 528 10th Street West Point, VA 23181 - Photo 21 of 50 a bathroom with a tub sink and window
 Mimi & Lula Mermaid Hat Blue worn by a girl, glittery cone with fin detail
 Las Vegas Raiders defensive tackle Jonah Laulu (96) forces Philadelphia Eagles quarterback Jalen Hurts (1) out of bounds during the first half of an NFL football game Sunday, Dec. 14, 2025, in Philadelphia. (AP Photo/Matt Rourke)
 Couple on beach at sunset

::::::::

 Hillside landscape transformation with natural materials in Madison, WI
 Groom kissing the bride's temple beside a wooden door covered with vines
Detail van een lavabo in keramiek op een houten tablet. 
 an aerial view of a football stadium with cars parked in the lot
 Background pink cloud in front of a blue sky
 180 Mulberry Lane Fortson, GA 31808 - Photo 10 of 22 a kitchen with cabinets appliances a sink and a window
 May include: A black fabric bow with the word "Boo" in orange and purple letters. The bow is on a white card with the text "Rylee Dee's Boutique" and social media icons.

::::::::

## Exercise objective
Here the job is to set down exactly the lines of the material above that fall between the one with "528 10th Street" and the one with "Couple on beach at sunset", inclusive, and nothing beyond them.

## Task result
 528 10th Street West Point, VA 23181 - Photo 21 of 50 a bathroom with a tub sink and window
 Mimi & Lula Mermaid Hat Blue worn by a girl, glittery cone with fin detail
 Las Vegas Raiders defensive tackle Jonah Laulu (96) forces Philadelphia Eagles quarterback Jalen Hurts (1) out of bounds during the first half of an NFL football game Sunday, Dec. 14, 2025, in Philadelphia. (AP Photo/Matt Rourke)
 Couple on beach at sunset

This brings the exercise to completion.